30 Aug 2011

Harvest Time in the Forest

posted by Claire Eamer

It's harvest time here in the Yukon, at the northern edge of the boreal forest. The leaves on the aspen trees are beginning to turn sunshine-yellow, the fireweed is crimson, and the high alpine bushes are showing red. People are out in the bush every weekend, picking berries and gathering mushrooms.

So, I might add, are the bears, so the wise human berry-picker makes plenty of noise!

The forest here can look pretty sparse -- spindly trees and a forest floor covered with tiny plants, mosses, and lichens. You'd think that by the time the big two-footers and four-footers were done harvesting, there wouldn't be much left for anyone else.

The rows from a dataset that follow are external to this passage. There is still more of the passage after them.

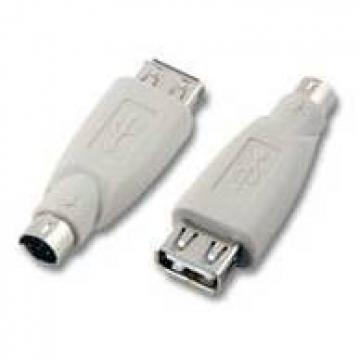  Adaptateur USB femelle vers PS 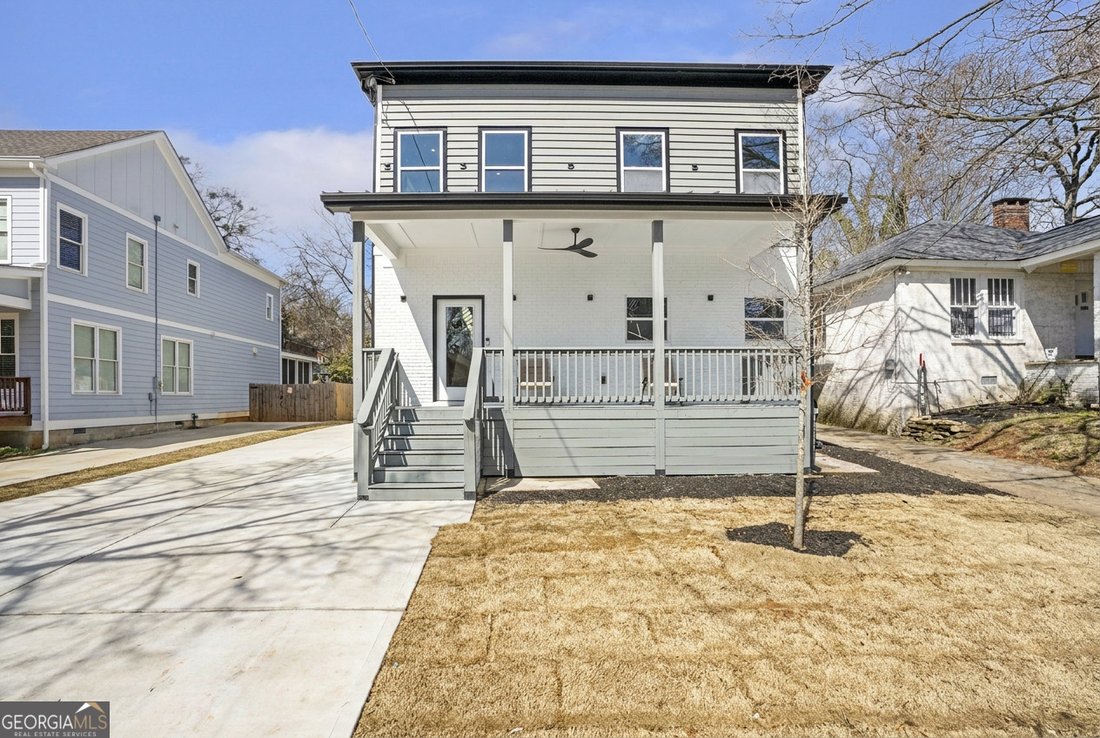 House in Atlanta, Georgia, United States 2 - 18353689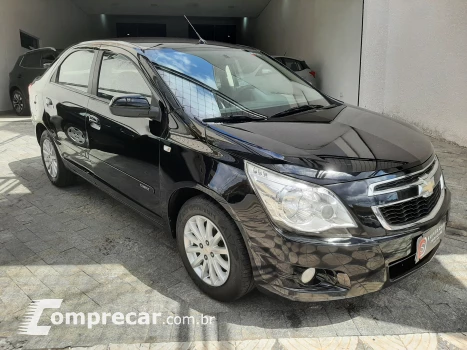 CHEVROLET COBALT 1.4 LTZ 8V 4 portas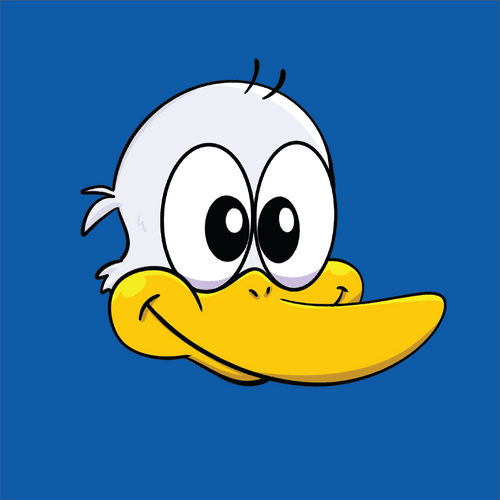 Dinnie Duck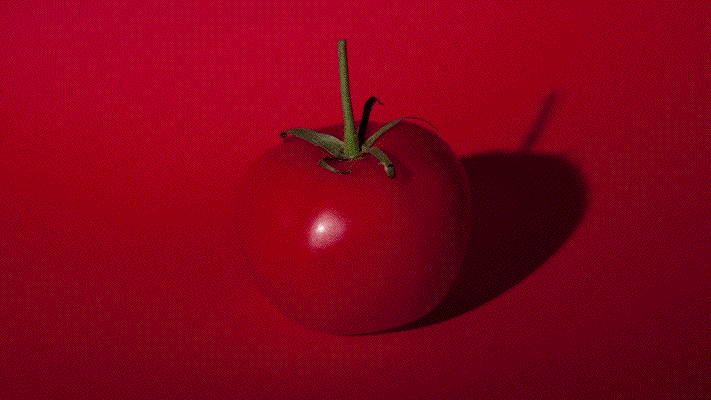 tomato GIF by Caitlin Craggs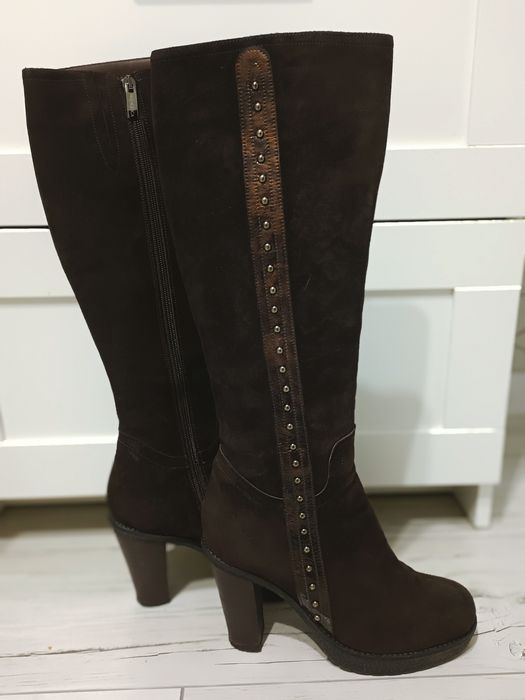 Зимние сапоги 39 размер (новые)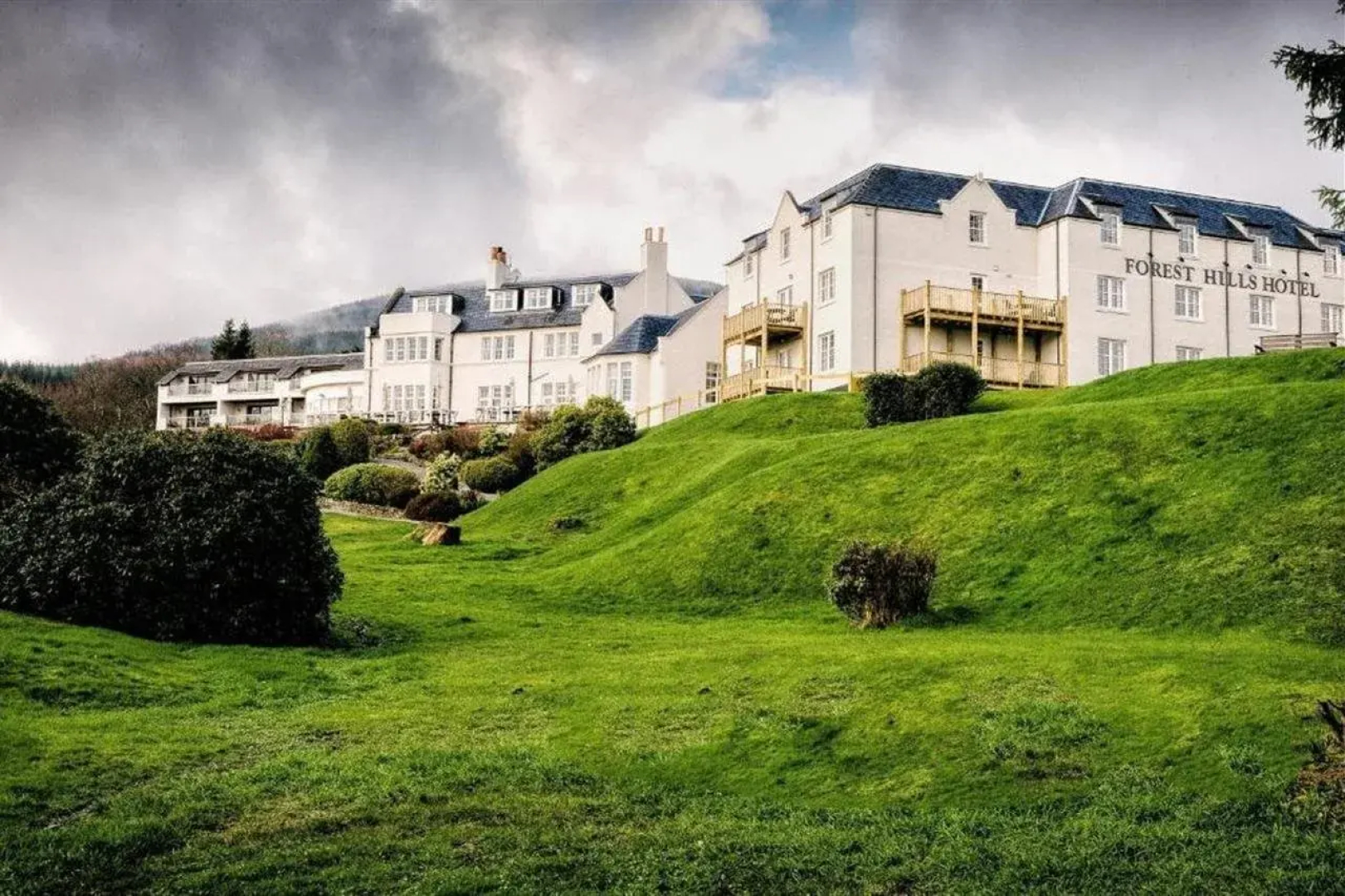Macdonald Forest Hills Resort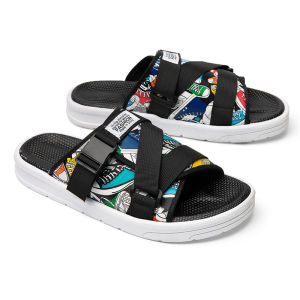 [ DREAM TALE ] - SENDAL PRIA / JAPAN CASUAL STYLE - SENDAL BOLONI - SANDAL KANVAS - SANDAL BARU 2022 - SEPATU PRIA IMPOR - SANDAL GUNUNG PRIA - NONSLIP RINGAN NYAMAN - SANDAL CINSINA - Sandal Gunung Pria Wanita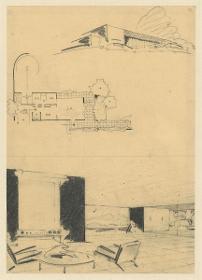 New York, Long Island, Umbau Haus Kaplan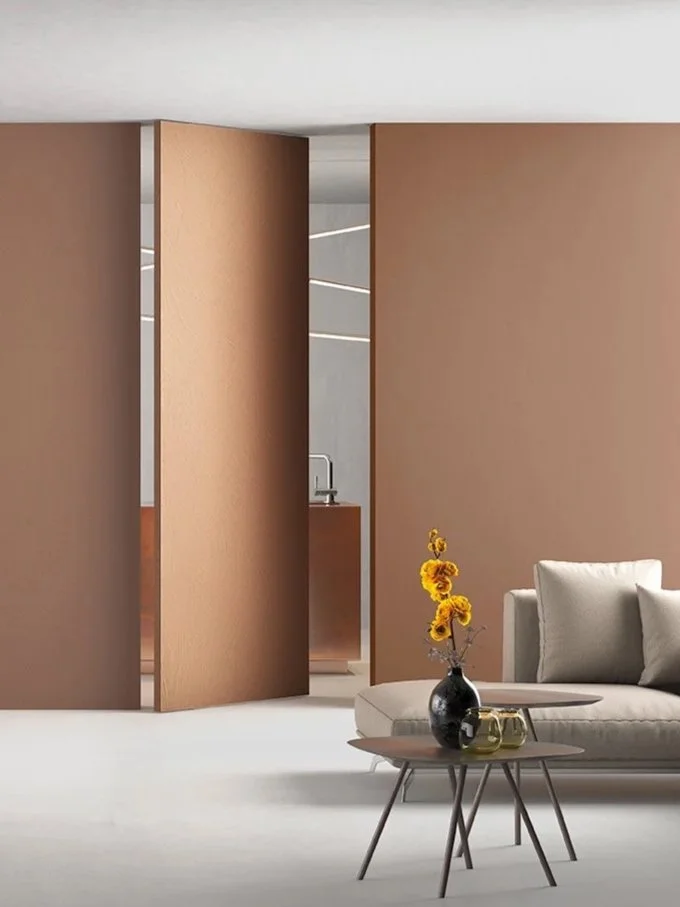 PIVOT DOORS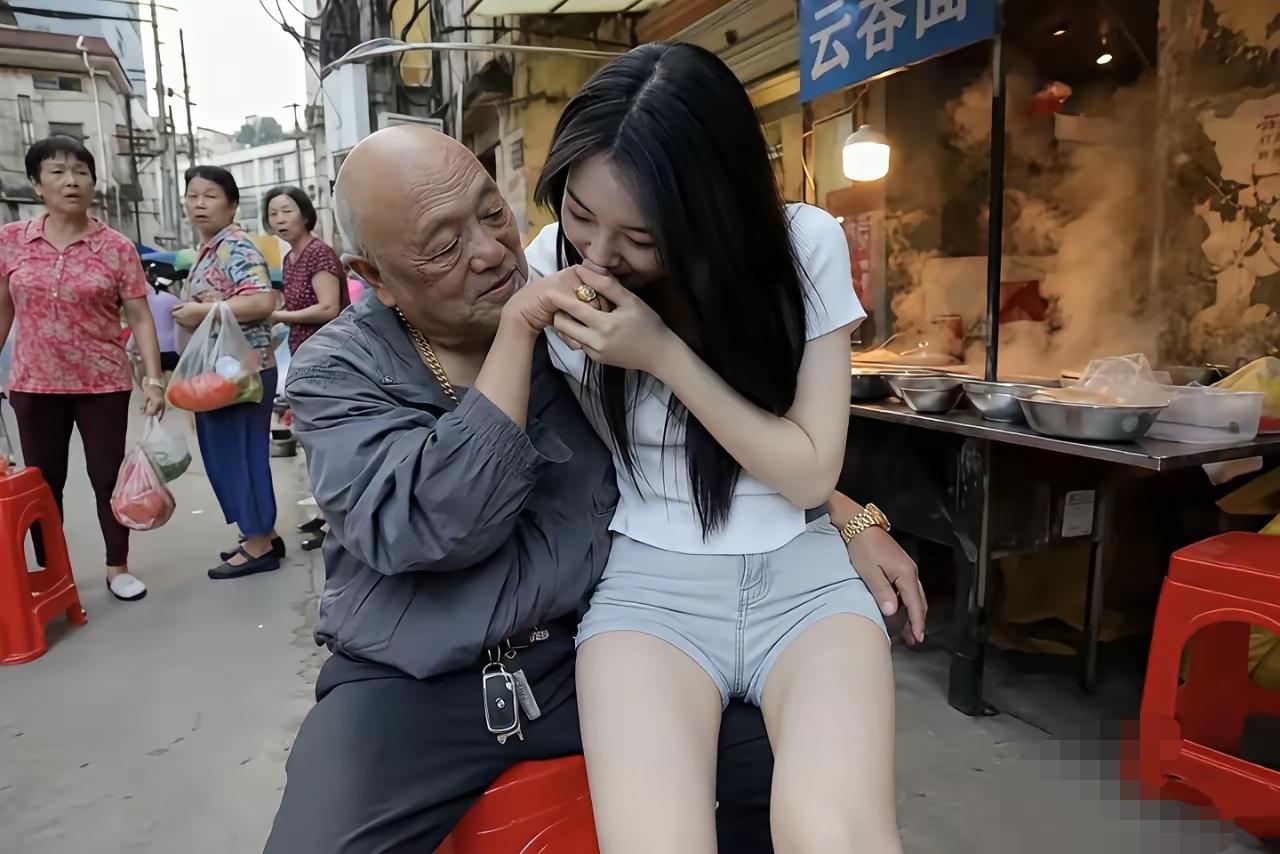 好白菜被猪拱了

But you'd be wrong. A lot of little creatures depend on the foods provided by the boreal forest to make it through the long winter, and they're out harvesting too. If you look closely at the tiny plants that flourish beneath the trees and along the forest's edge, you'll find plenty of goodies to gather.

In the alpine, where forest gradually gives way to alpine tundra, pikas are building up their haystacks. A small cousin of rabbits, a pika can stash away 20 kilograms of grasses, leaves, seeds, and flowers over the summer, much of it in large piles just outside the entrance to its burrow. When the winter wind whips across the bare mountainside, driving snow before it, a pika doesn't have to go far for a snack.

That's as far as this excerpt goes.